After acting both leads in an excerpt of his drama 'Regrets of Autumn' at the Borwood Student Talent show, a performance that leaves his audience unsure of how to respond with its martial accusations of alcoholism and revelations of abortions, its precocious fourteen year-old playwright is distraught to learn that the cast and crew of his previous school vacation basement productions are not as accessible because of newfound interests. He'll be renewed when Brad (Owen Teague, "It," "The Friend"), the handyman his mom hires, tells him he was a performance artist in New York City and becomes the obsession of "Griffin in Summer."


Laura's Review: B+

Writer/director Nicholas Colia making his feature directorial debut drawing on his own childish artistic endeavors, siphons in two outside influences for his young protagonist to draw upon - his own home life and the newcomer meant to fill his father's absence. The results are frequently hilarious, but also moving and insightful, young Everett Blunck ("The Old Way") shouldering the film with his uncanny mixture of perception and insensitivity.

While Griffin is obviously well cared for in a nice suburban home where he is well fed and dressed, his mother Helen (Melanie Lynskey, TV's 'Yellowjackets'), almost always seen with a glass of wine nearby, appears preoccupied, and while she tries to get him to actually go outside during his summer vacation, she cannot tear him away from his computer where he continually works on his screenplay. Griffin's best friend Kara (Abby Ryder Fortson, "Are You There God? It's Me, Margaret") also tries to get Griffin to ease up a bit, telling him that their friends are unlikely to respond well to his 8 a.m. rehearsal demands. Griffin relents, pushing the time out to 10 a.m., but Kara has to remind him that she, Winnie (Johanna Colón), Tyler (Gordon Rocks) and Pam (Alivia Bellamy) have other things going on this summer than spending sixty hours a week on his play. To top everything off, the playwright is unhappy with everything he sees.

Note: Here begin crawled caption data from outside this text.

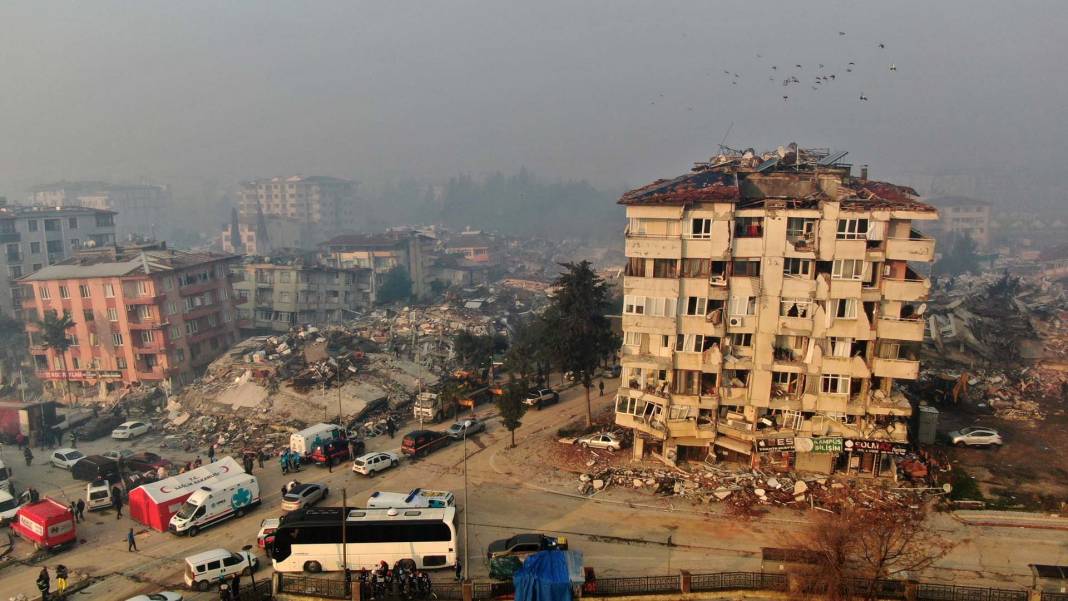 Kahramanmaraş depreminin vurduğu Hatay, havadan İHA ve dronlarla görüntülendi! Yıkımın boyutu yürekleri acıttı 16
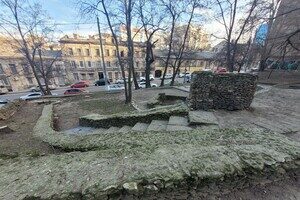 Таинственный уголок Одессы: прогулка по лестнице мертвых Таинственный уголок Одессы: прогулка по лестнице мертвых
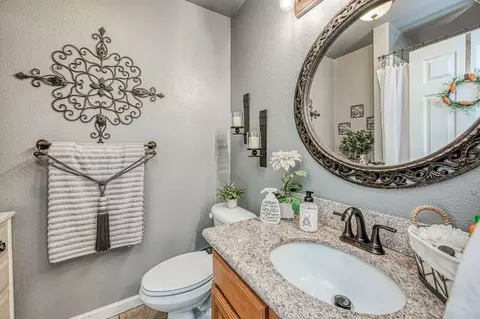 901 Maple St, Parlier, CA 93648 photo 3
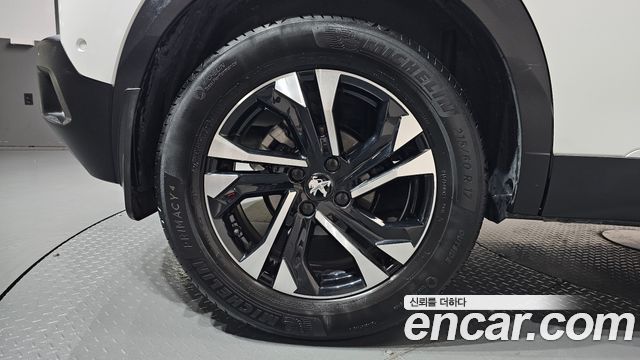 Peugeot 2008 2021 — photo 7
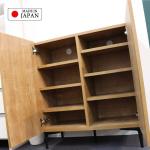 側面や内装にまで同じシートを使用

That includes Brad, the tattooed, heavy drinking, rock blaring twentysomething who shows up to work around their pool, Griffin indignant that music and power tools distract him from his writing. But Griffin, finding himself alone more and more, his mom increasingly focused on his father's unending business trip, sees Brad in a new light when he's shirtless by the pool and, stammering, invites him in for a drink, the offer escalating from the mundane to dad's whiskey. Suddenly Brad sees Griffin in a new light, too, a young man who can indulge his habits. But the new relationship wrecks havoc on Griffin's friendships, with Brad's girlfriend Chloe (Kathryn Newton, "Lisa Frankenstein"), on both their home lives and even on that very thing that means more than anything to Griffin - his play.

Colia counterweights Griffin in Brad, the older man having fled New York City after a disastrous show. He's clearly bowled over by Griffin's screenplay, but while Griffin struggles to see the artistry in Brad's performance art video, he convinces himself there's something there. He replaces Tyler with Brad, but the guy's raging performance terrifies his costars even as it delights Griffin. But Griffin, who's created a fake adult female persona in order to secure a real theater for his production, goes too far when he uses for more personal reasons.

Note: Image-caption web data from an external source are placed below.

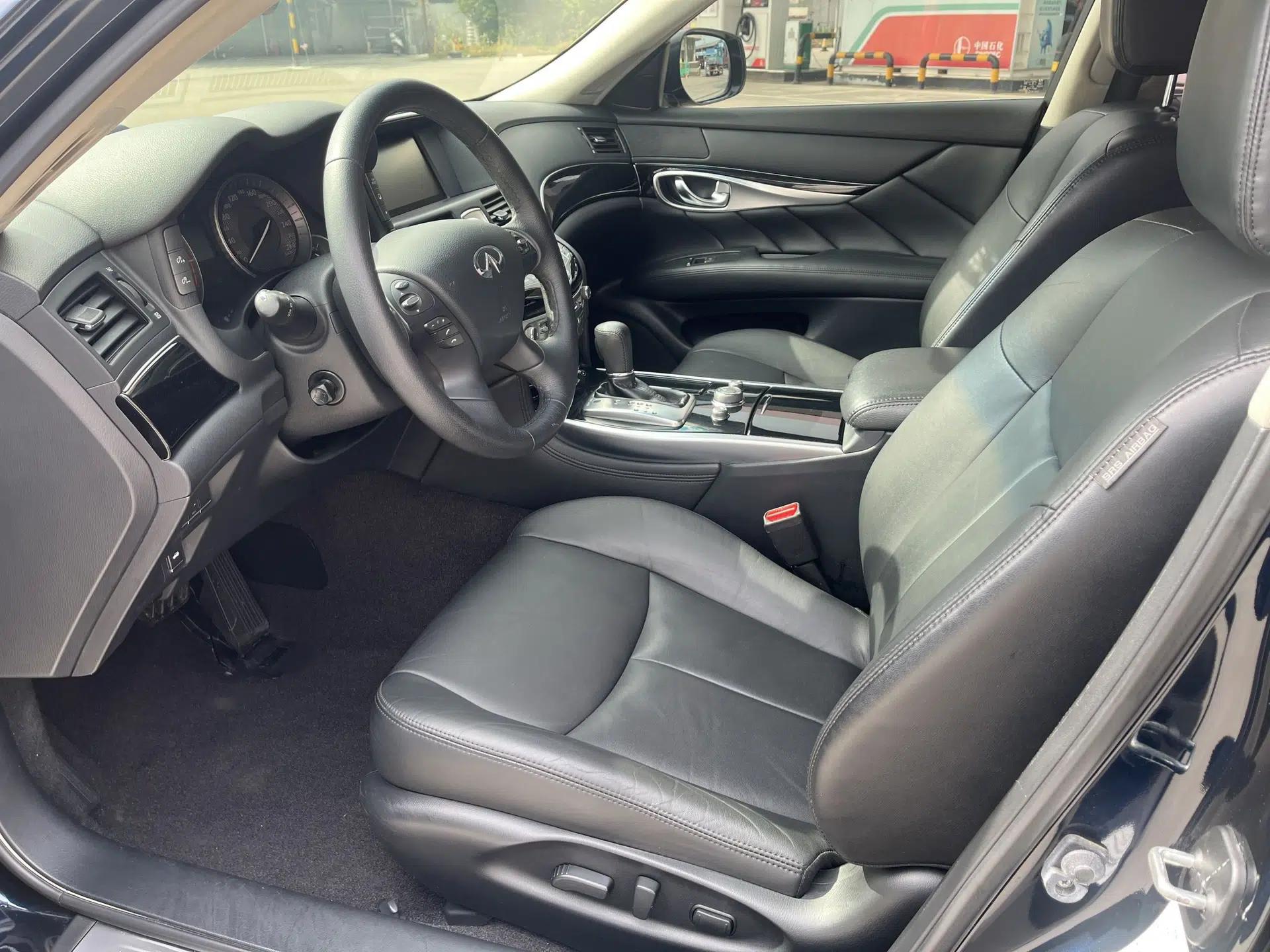 Infiniti Q70 2015 Q70L 2.5L Elite Edition — миниатюра 20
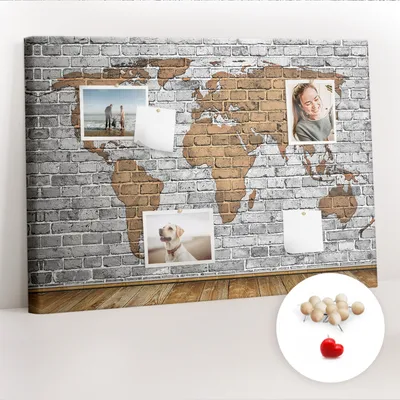 Immagine prodotto di Bacheca in sughero con puntine - Bacheca con puntine per foto e appunti - 100x70 cm - 100 puntine in legno - Mappa del mondo su mattoni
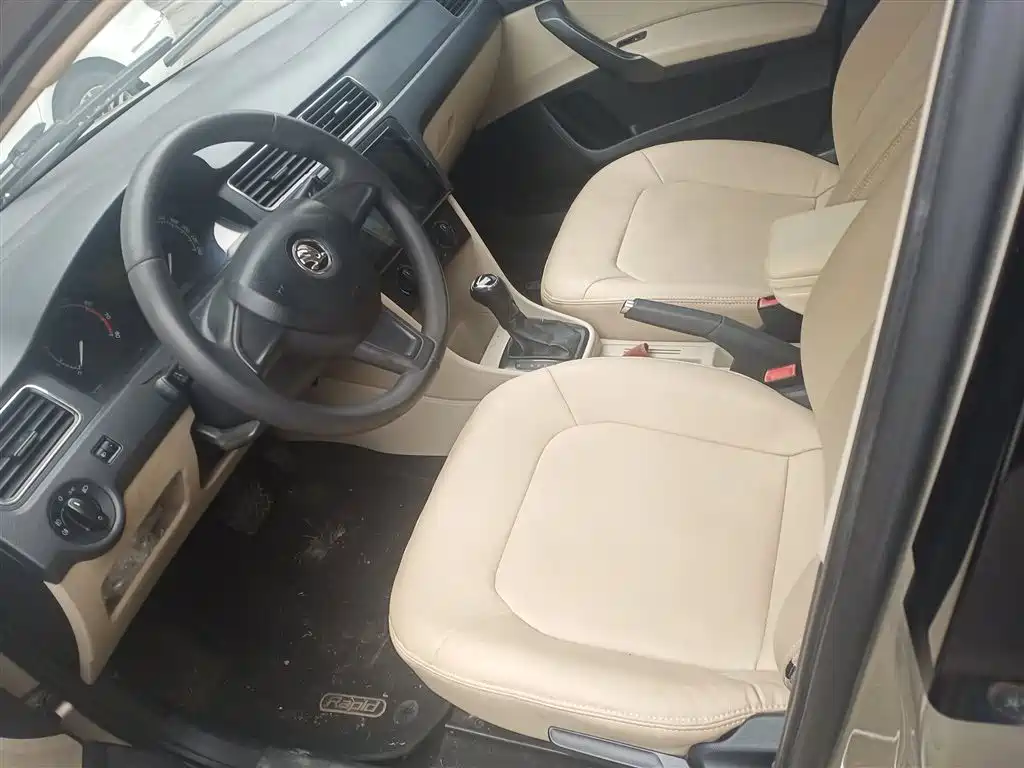 Skoda Rapid 2015 — фото 15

Colia's screenplay intricately weaves the impact of outside events on various relationships to propel this unique coming-of-age comedy, 'Regrets of Autumn' a comedic mini-masterpiece of adult drama seen through the eyes of a child. He's also gotten great performances from his young cast, Blunck's intellectual intelligence covering for his emotional immaturity. Ryder Fortson fills in that latter gap as the mediator among the young teens, a supportive friend who works around Griffin's egocentricity. Colón, Rocks and Bellamy all contend with having to give amateur performances, only to rebound for the film's climax in the movie's only trope - the overly professional children's show. Teague (someone please cast this guy as The Sex Pistols' Johnny Rotten) creates a character as dim-witted and aimless as Griffin is intelligent and focused yet maintains sympathy with his lost and lonely aura. Lynskey maintains a difficult balance between Helen's personal devastation and her love for her oft-exasperating son. The film also features Michael Esper ("Pavements") as Griffin's dad Bill and Francine Berk as Brad's pleasantly clueless mom.

Colia bypasses some of the bumpier logistics of his story in favor of its emotional complexities and quirky humor. The production evokes sleepy, summertime suburbia, Virginia standing in for Massachusetts. A small gem, "Griffin in Summer" announces yet another debuting filmmaker to watch.



Robin's Review: B


Vertical released "Griffin in Summer" in select theaters on 8/29/25.  It expands in subsequent weeks and will be available on VOD on 9/16/25.